You can do that using a regex, but it's hard to find a good one that always works. See this thread.
What you can use, is HTMLPurifier. I use it to cleanup all posted information. You can select which tag to keep, wich attribute to keep for each tag, etc ..
HTML filter that guards against XSS and ensures standards-compliant output.
One thing you can do with HTMLPurifier, is extend the core code and then, for a given tag, extends the class to add a class for each entity.
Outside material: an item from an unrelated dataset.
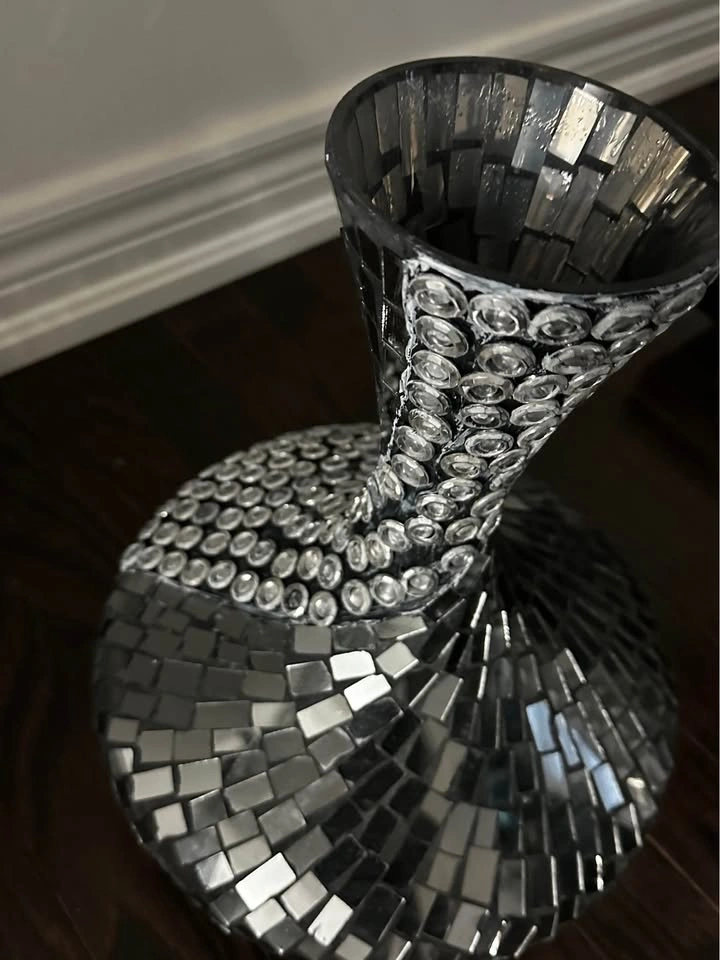 Beaded Silver Textured Decorative Vase - photo 2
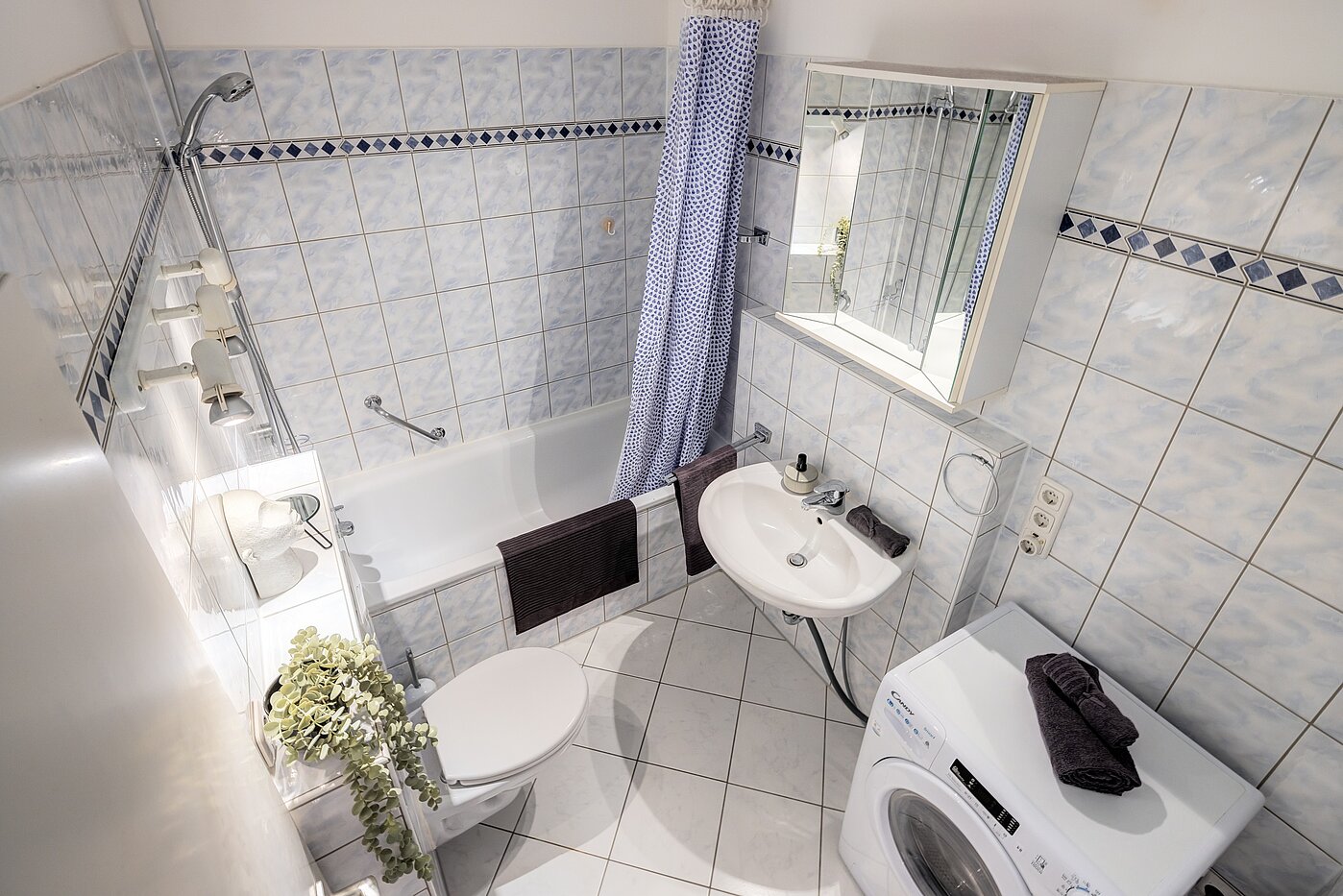 Apartamento de 3 habitaciones | München-Bogenhausen | 70261 | Badezimmer mit Wanne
You can check this (quick) example where user wants to convert this:
<p>This is a paragraph</p>
<p>Another one</p>
Into this:
<p class="myclass">This is a paragraph</p>
<p class="myclass">Another one</p>
Edit:
Here is a quick and dirty example that you can test on your own:
<?php
require_once 'lib/library/HTMLPurifier.auto.php';
class HTMLPurifier_AttrTransform_AnchorClass extends HTMLPurifier_AttrTransform
{
public function transform($attr, $config, $context)
{
// keep predefined class
if (isset($attr['class']))
{
$attr['class'] .= ' myclass';
}
else
{
$attr['class'] = 'myclass';
}
return $attr;
}
}
$dirty_html = '<p><a href=""></a>
<a target="_blank" href=""></a>
<a href="" class="toto"></a>
<a href="" style="oops"></a></p>';
$options = array(
'HTML' => array(
'Allowed' => 'a[href|target|class]')
);
$config = HTMLPurifier_Config::create($options);
$htmlDef = $config->getHTMLDefinition(true);
$anchor = $htmlDef->addBlankElement('a');
$anchor->attr_transform_post[] = new HTMLPurifier_AttrTransform_AnchorClass();
$purifier = new HTMLPurifier($config);
$clean_html = $purifier->purify($dirty_html);
var_dump($clean_html);
It outputs:
string '<a href="" class="myclass"></a>
<a href="" class="myclass"></a>
<a href="" class="toto myclass"></a>
<a href="" class="myclass"></a>' (length=135)
I use a custom configuration to keep some attributes in <a>
tag, that's why it removes style
but not target
. You can check the documentation about that.